- A large study from the UK finds that college students perform best on exams taken in the early afternoon.
- Circadian rhythm, an aspect of the body's internal clock that responds primarily to light, is likely at play here. Teenagers generally have "later" clocks, and thus are most wakeful in the afternoon.
- Your brain is at its cognitive peak at a time that lines up with your circadian rhythm. After age 20, this peak arrives earlier and earlier in the day for most people.
A new study conducted over five years at a large public university in the United Kingdom finds that college students perform best on exams taken in the early afternoon, likely because the time slot lines up best with their circadian rhythm, the biological process governing sleep-wake cycles.
The research was published December 12 in the Economic Journal.
The authors of the analysis, Alessio Gaggero and Denni Tommasi, both economists respectively based out of the University of Granada in Spain and the University of Bologna in Italy, examined 503,358 exam scores from over 50,000 anonymous undergraduate and graduate students between the 2014-15 and 2018-19 academic years.
The beauty of these exams is that students are essentially randomized to three time slots: “morning” at 9 am; “early afternoon” at 1:30 pm, or “late afternoon” at 4:30 pm, and students can only sit for one exam per day. Moreover, the scores aren’t curved, and are graded on a 0-100 scale. This setup afforded Gaggero and Tommasi a fantastic opportunity to gauge the time of day when college students are at their cognitive peak.
They found that students’ exam performance followed a U-shape, with optimal performance at 1:30pm. At this time of day, students’ scores were 0.068 standard deviations higher compared to the morning, and slightly above the late afternoon.
“The implication is that, all else being equal, individuals sitting an important cognitive assessment at an unfavourable time are disadvantaged,” the researchers wrote.
Circadian rhythms and cognitive performance
Based on the results, they hypothesized that circadian rhythm might be the determining factor. This part of the body’s internal “clock,” heavily influenced by light, affects everything from digestion to hormone production to cognitive performance.
To scrutinize their circadian hypothesis, Gaggero and Tommasi further delved into the data, finding three key pieces of supporting evidence.
First, students’ early-afternoon exam scores improved even more relative to the morning in January, when there’s much less morning light.

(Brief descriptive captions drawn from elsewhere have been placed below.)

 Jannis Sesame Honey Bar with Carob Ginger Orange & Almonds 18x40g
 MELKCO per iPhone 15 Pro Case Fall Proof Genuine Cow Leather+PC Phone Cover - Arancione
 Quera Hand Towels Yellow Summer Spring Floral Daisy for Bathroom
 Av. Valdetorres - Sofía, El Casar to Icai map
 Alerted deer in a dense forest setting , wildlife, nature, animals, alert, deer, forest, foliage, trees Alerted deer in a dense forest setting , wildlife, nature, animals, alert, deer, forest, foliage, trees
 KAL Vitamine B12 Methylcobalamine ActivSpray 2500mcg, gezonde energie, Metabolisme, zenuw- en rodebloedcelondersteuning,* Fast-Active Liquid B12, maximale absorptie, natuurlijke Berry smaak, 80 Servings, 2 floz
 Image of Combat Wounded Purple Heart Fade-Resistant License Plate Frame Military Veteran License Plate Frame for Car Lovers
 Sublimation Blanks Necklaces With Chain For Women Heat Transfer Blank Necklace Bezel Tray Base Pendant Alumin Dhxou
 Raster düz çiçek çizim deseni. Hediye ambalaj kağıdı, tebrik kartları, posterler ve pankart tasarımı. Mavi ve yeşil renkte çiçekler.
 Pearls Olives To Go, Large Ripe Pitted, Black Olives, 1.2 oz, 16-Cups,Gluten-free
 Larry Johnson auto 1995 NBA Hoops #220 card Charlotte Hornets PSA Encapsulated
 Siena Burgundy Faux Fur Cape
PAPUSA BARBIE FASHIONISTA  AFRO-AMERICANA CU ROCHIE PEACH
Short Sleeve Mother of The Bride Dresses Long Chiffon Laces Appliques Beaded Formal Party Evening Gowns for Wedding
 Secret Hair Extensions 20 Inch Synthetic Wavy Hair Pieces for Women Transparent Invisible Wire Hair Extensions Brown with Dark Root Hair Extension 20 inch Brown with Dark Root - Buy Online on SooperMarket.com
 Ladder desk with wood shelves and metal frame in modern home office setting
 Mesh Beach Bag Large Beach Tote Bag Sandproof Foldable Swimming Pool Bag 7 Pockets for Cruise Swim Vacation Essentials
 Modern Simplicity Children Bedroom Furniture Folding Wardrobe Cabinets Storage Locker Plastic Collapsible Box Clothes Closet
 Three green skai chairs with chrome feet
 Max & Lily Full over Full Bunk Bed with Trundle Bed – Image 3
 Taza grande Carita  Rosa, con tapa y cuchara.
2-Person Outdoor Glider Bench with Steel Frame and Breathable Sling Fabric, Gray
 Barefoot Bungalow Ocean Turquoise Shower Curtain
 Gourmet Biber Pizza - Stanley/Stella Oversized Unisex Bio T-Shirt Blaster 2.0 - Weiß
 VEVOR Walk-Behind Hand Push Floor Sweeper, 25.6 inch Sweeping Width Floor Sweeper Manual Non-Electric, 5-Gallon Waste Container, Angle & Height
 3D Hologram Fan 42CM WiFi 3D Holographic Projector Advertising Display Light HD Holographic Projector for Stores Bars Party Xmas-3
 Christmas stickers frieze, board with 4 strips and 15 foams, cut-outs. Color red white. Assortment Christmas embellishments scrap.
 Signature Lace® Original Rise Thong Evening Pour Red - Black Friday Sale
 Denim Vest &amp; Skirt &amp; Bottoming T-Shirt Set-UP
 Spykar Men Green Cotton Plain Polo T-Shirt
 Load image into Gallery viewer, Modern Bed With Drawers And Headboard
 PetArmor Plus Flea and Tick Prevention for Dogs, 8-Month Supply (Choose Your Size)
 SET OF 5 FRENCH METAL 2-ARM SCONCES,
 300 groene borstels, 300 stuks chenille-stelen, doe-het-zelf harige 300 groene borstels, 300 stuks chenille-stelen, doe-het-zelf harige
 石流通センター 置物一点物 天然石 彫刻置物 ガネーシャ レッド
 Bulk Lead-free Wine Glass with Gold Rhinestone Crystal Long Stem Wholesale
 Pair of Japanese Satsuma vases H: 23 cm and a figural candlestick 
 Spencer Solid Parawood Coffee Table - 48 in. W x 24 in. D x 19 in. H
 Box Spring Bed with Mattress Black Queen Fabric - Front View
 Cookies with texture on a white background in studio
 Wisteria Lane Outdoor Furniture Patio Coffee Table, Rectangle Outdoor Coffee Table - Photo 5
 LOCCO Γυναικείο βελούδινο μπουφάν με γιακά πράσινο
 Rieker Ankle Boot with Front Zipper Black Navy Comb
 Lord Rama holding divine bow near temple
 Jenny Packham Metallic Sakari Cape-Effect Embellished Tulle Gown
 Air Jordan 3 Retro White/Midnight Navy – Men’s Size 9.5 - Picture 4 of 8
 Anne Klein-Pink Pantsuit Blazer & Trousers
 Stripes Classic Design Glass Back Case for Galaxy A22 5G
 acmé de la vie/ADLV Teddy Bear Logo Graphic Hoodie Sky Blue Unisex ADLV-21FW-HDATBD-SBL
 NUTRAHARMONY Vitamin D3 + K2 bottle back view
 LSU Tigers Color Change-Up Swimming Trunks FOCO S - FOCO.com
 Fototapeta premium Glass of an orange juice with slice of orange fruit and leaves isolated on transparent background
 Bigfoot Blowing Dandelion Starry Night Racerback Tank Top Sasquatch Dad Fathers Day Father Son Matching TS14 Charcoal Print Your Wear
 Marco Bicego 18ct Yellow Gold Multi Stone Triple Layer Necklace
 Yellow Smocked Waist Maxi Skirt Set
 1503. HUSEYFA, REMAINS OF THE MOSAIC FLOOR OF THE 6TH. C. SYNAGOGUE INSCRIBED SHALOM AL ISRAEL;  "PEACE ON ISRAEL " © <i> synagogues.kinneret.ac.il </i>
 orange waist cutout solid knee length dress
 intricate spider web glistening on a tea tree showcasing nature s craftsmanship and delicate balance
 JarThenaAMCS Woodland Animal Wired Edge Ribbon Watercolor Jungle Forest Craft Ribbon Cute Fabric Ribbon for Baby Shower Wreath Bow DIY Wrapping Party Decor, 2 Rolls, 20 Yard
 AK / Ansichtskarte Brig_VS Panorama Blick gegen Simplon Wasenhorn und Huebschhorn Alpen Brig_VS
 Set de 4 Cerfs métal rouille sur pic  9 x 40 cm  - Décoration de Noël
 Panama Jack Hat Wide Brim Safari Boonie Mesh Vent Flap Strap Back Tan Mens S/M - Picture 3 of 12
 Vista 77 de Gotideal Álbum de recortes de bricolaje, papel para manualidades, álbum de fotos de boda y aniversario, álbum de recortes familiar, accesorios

Second, the time-of-day effect was much more pronounced for exams involving problem-solving, logical thinking, and abstract-reasoning, traits which past studies have shown to be more affected by circadian rhythm. Third, students under age 20 outperformed in the early afternoon to a much greater degree than students over that age. This makes sense, as people in their late teens have been found to have the “latest” biological clocks.
One potential concern about the study’s validity is that the researchers’ couldn’t verify the actual content of the exams. So it’s possible that students simply were given exams for harder classes in the morning and late afternoon. Still, there’s no indication that there was any difference in exam difficulty between the time slots.
A major implication of the study for education as a whole is that instructors should avoid scheduling important assessments in the early morning. In the U.S. and many parts of the Western world, major policy, funding, and college admission decisions are based on standardized testing scores, so it makes sense for schools to assess their pupils when they are at their cognitive peak.
More broadly, the results affirm that we should tackle mentally challenging tasks at times that line up with our circadian rhythm, when we are most wakeful. For teenagers, this is generally the early afternoon, while for adults, it can transition to mid-morning or even early morning for older adults.